#### REQUIREMENT
The result should be an exact copy of the entries that follow, with no pictures included.

[RECORDS PROVIDED — start]

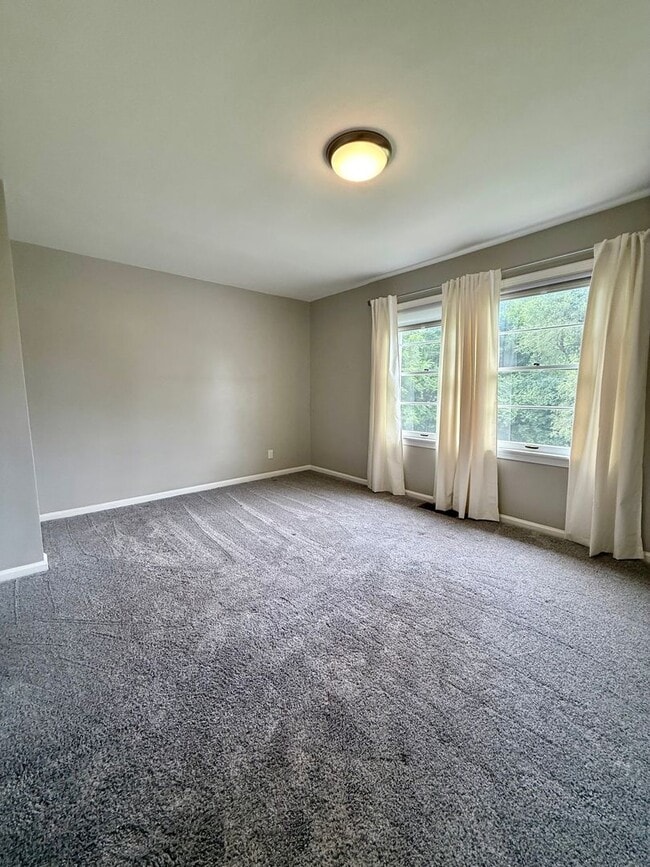 Building Photo - Four Bedroom Home in Kalamazoo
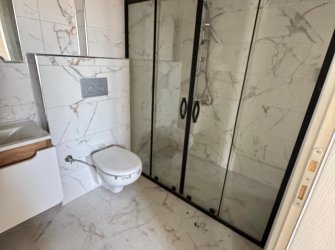    SAMSUN İLKADIM TEPECİK MH. 3+1 2. KAT 130 M2 EBEVEYN BANYOLU BÜYÜK BALKONLU OTOPARKLI KREDİYE UYGUN FIRSAT DAİRE..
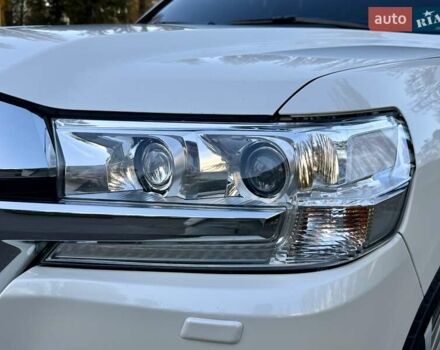 Белый Тойота Ленд Крузер, объемом двигателя 4.46 л и пробегом 301 тыс. км за 44950 $, фото 30 на Automoto.ua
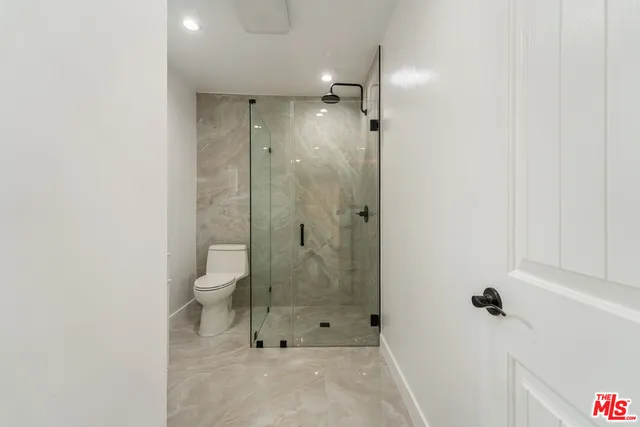 a view of white house with a outdoor space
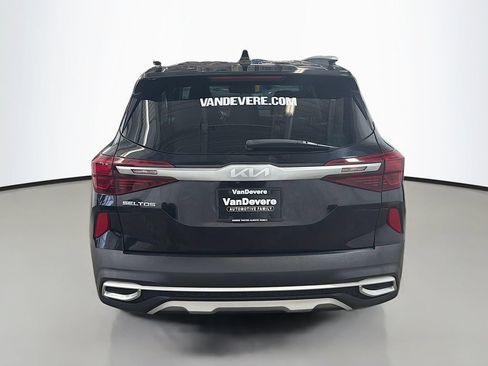 Used 2023 Kia Seltos EX AWD/4WD image 8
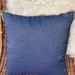 Cojines en tonos azules - cojin decorativo cuadrado azul con flecos en los bordes.JPG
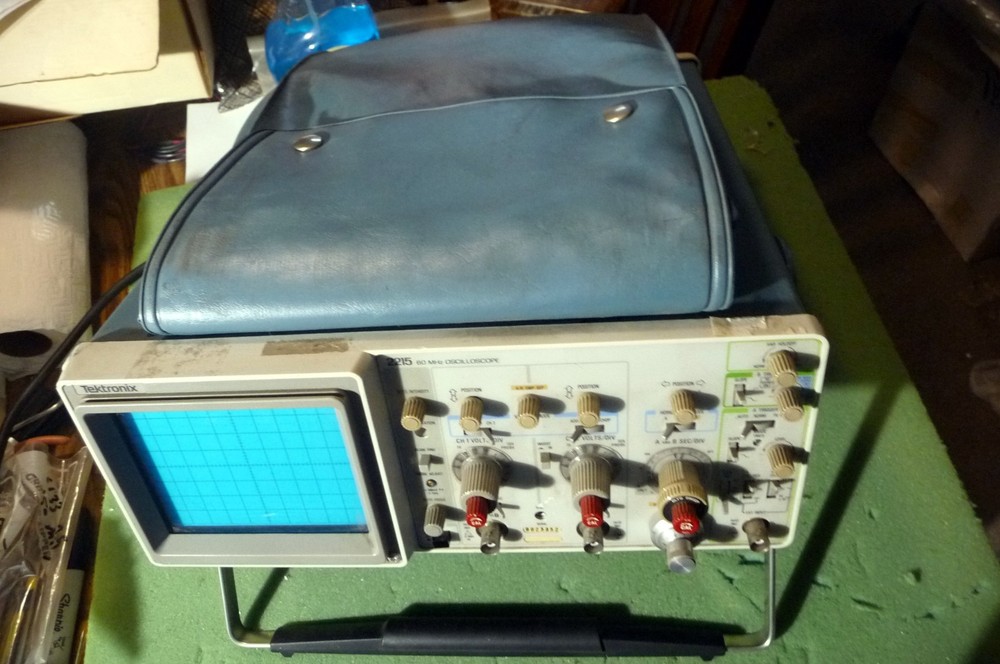 Tektronix 2215 oscilloscope with two probes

[RECORDS PROVIDED — finish]

#### ANSWER TO THE PROBLEM
 Building Photo - Four Bedroom Home in Kalamazoo
    SAMSUN İLKADIM TEPECİK MH. 3+1 2. KAT 130 M2 EBEVEYN BANYOLU BÜYÜK BALKONLU OTOPARKLI KREDİYE UYGUN FIRSAT DAİRE..
 Белый Тойота Ленд Крузер, объемом двигателя 4.46 л и пробегом 301 тыс. км за 44950 $, фото 30 на Automoto.ua
 a view of white house with a outdoor space
 Used 2023 Kia Seltos EX AWD/4WD image 8
 Cojines en tonos azules - cojin decorativo cuadrado azul con flecos en los bordes.JPG
 Tektronix 2215 oscilloscope with two probes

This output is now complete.